If today’s church wishes to bring many sinners to Jesus Christ, she must be eager first to challenge the creational insurrection that makes the reception of the gospel impossible.
When the Supreme Court in Bostock v. Clayton County decided 6–3 that prohibition of discrimination on the basis of sex in the 1964 Civil Rights Act now included “sexual orientation and gender identity,” the high court enshrined creational insurrection as U. S. law. The fact that it is U. S. law doesn’t make it any less the greatest act of insurrection possible: rebellion against the God of the universe.
Political and creational insurrection are both evil, but the latter is more depraved than the former, because while political insurrection is rebellion against God’s delegated order, creational insurrection is an attempted coup of his cosmic reality. This in fact is just what creational insurrection is: war on reality.

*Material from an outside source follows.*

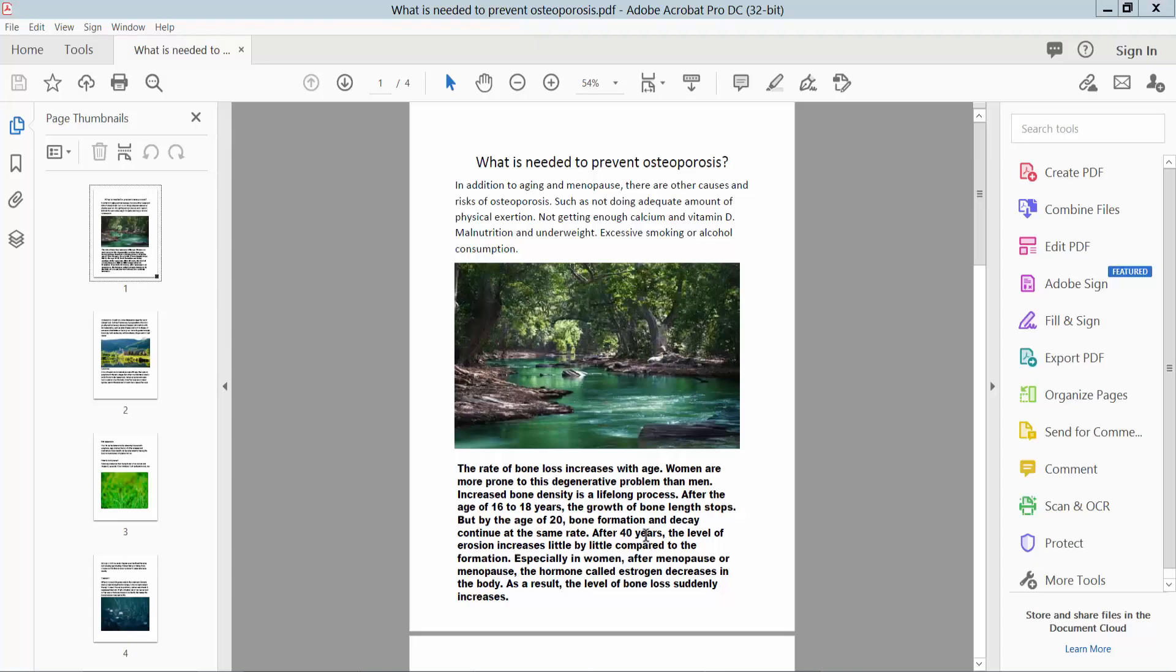Hello everyone, today I will show you how to find internal links in PDF using Adobe Acrobat Pro DC.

The Failure of Creational Insurrection
This hints at why Christians need not despair over the current erotic regime and its exaltation of homosexual “marriage” and transgenderism and pervasive pornography. When you assault reality, you fight a foreordained losing battle. Reality bites back. Just as God’s cosmic physical laws (like gravity) govern our tangible realm, so his cosmic moral laws govern its ethical realm. And success in violations of the latter order is no more possible than in the former. If you leap from a 13-story building in trying to prove your autonomy, you’ll only end in proving the law of gravity. If you engage in transgenderism or legalize homosexual “marriage,” you’ll only end up destroying yourself and your culture — and proving God’s moral law.
Conclusion
A prime task of biblical Christians and Christian ministries today is to call the world back to reality, that is, to God’s creational order. The church is entrusted with the gospel, the Good News of salvation in Jesus Christ. But “the gospel makes sense only in a moral world,” and the moral world is the created world. To share the gospel to people for whom God’s world is not an unstated assumption is a fool’s errand. Nobody who believes that the world is self-generated, that there is no God, that there is no sin (except maybe sexism, racism, or homophobia), and that eternal judgment is a hell-fire-and-brimstone fundamentalist fairy tale can become a Christian. The gospel is not designed for a sort of world that man created and from which God is excluded.
Therefore, if today’s church wishes to bring many sinners to Jesus Christ, she must be eager first to challenge the creational insurrection that makes the reception of the gospel impossible.